## What to work on
For the data below, restate word for word only the lines from the line containing "Buzla Gıdı Eritme" through the line containing "Psoriasis versus nummular", both ends included.

## Input for this task
--*--

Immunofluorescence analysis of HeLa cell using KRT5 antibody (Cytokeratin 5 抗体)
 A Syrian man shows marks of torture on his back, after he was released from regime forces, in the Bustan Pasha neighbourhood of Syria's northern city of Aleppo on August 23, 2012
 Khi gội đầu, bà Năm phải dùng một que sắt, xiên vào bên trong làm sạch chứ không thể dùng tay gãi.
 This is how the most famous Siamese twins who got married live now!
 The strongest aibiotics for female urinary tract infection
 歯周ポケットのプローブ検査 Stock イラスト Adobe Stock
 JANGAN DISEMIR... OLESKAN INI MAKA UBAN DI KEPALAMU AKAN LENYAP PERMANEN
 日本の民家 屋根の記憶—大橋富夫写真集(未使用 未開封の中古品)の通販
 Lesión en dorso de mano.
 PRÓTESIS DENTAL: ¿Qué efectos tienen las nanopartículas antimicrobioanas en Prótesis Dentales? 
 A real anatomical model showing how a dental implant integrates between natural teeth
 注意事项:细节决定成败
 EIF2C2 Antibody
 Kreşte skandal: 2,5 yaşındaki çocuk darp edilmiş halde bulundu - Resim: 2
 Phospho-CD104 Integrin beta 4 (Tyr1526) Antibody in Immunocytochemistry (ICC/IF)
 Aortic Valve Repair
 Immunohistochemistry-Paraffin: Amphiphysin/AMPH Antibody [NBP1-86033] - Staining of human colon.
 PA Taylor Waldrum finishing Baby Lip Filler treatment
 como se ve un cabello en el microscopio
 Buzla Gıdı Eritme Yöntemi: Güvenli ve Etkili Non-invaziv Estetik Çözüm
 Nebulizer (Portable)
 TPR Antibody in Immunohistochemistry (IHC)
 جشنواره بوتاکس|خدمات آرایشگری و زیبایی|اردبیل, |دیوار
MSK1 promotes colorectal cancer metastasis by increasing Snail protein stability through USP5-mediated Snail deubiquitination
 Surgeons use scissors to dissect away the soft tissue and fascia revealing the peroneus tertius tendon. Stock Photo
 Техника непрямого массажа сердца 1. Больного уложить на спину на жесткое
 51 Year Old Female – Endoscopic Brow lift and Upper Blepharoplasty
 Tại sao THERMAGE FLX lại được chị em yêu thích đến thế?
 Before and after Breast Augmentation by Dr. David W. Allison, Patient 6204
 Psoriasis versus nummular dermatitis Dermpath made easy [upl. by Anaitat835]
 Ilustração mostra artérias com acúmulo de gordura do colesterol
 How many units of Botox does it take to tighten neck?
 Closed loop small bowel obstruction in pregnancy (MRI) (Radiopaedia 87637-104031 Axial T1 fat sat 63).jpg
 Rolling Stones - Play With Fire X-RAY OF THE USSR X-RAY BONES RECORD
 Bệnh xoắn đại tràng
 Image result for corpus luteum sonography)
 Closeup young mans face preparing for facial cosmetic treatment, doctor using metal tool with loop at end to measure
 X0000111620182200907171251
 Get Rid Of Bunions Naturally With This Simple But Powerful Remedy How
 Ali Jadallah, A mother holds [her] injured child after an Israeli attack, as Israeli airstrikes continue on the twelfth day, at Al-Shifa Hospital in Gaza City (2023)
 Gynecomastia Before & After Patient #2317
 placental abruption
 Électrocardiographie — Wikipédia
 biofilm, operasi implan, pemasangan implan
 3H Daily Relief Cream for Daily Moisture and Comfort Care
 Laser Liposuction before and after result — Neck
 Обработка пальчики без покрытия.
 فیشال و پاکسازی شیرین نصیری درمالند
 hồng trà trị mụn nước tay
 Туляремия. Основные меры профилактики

--*--

## Your response
 Buzla Gıdı Eritme Yöntemi: Güvenli ve Etkili Non-invaziv Estetik Çözüm
 Nebulizer (Portable)
 TPR Antibody in Immunohistochemistry (IHC)
 جشنواره بوتاکس|خدمات آرایشگری و زیبایی|اردبیل, |دیوار
MSK1 promotes colorectal cancer metastasis by increasing Snail protein stability through USP5-mediated Snail deubiquitination
 Surgeons use scissors to dissect away the soft tissue and fascia revealing the peroneus tertius tendon. Stock Photo
 Техника непрямого массажа сердца 1. Больного уложить на спину на жесткое
 51 Year Old Female – Endoscopic Brow lift and Upper Blepharoplasty
 Tại sao THERMAGE FLX lại được chị em yêu thích đến thế?
 Before and after Breast Augmentation by Dr. David W. Allison, Patient 6204
 Psoriasis versus nummular dermatitis Dermpath made easy [upl. by Anaitat835]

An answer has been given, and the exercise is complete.